Là où les idées de Binding et Hoche nous frappent, c'est que le postulat général de cet écrit est empreint d'une grande générosité, disons sincérité et sollicitude, apparaissant comme protégeant les faibles. Sur l'euthanasie, nous retrouvons exactement les mêmes termes que dans le débat contemporain. On se veut défenseur de celui qui ne peut plus s'exprimer et le "délivrer" de ses souffrances par pure compassion. Tous les autres arguments trouvent toujours des oreilles ouvertes aujourd'hui : autonomie de la personne, liberté, dignité. Ne manque finalement que l'amélioration de la qualité de l'espèce, disqualifiée par l'Histoire.

 

La question posée jadis comme maintenant est la même : la meilleure façon d'aider quelqu'un à mourir dans la dignité consiste-t-elle à lui donner la mort ? On peut arguer que la société allemande des années vingt était largement atteinte par ces idées dont nous sommes protégées aujourd'hui par des comités d'éthiques divers et variés. Or, justement, dans l'argumentation de Binding et Hoche, les médecins se voient couverts par un Comité de Libéralisation, ancêtre de nos comités d'éthique ! Ces idées mortifères ont au contraire ouvert directement la voie à la nazification des esprits, bien avant la venue des nazis au pouvoir.
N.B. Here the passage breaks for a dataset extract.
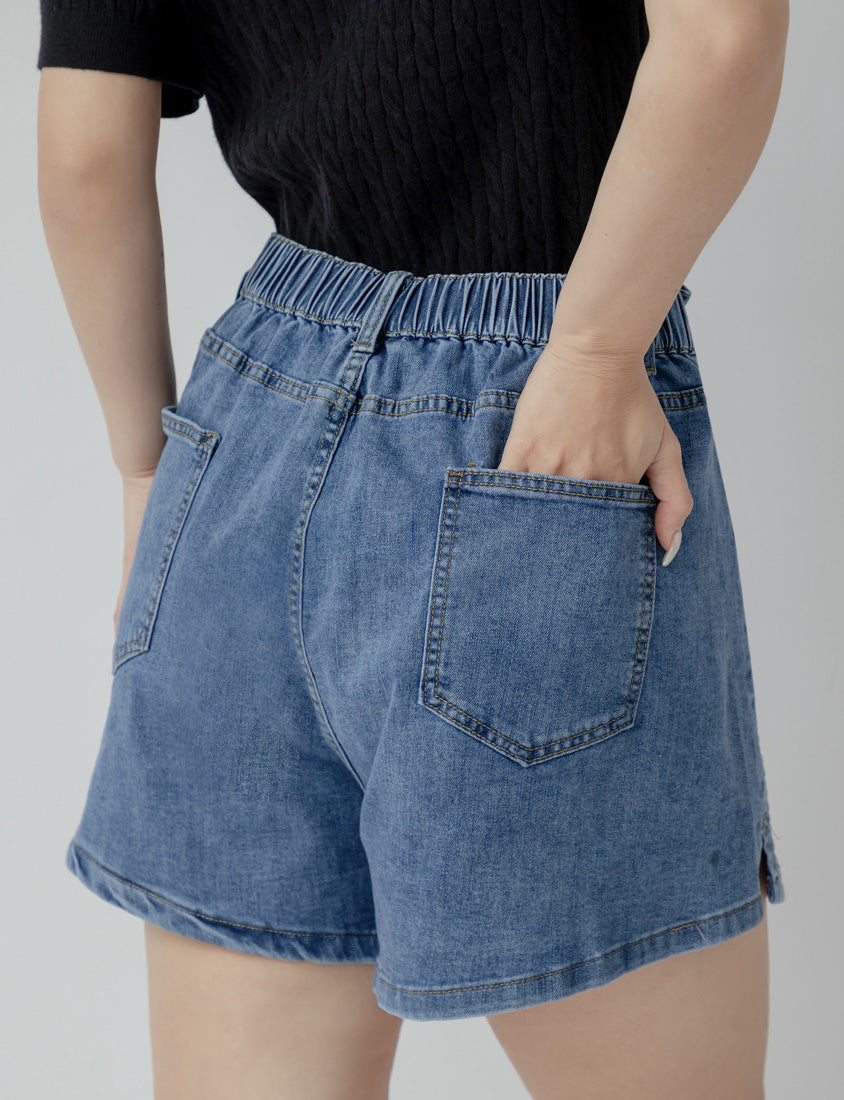 Varsity Contrast Plus Size Denim Shorts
Ces derniers n'eurent plus qu'à reprendre les options majoritaires exprimées lors des grands débats de société de l'époque. Cela devrait nous amener à être vigilant pour notre époque "éclairée" dans laquelle pourtant de réels points de "nazification lente" enkystent profondément mais sûrement les esprits.

 

Les auteurs de cette exhumation "littéraire", Michel Schooyans et Klaudia Schanck, mettent très précisément en lumière le débat actuel sur l'euthanasie en le comparant à celui qui eut lieu dans l'Allemagne des années 20. L'analyse du texte porte sur les notions de droit à la liberté, droit à la dignité, droit à la médecine. Le mimétisme des idées, ce reflet quasi parfait, ne peut nous empêcher de nous poser la question : les mêmes causes vont-elles provoquer les mêmes effets ? Cette perspective affolante a une saveur particulièrement pénible.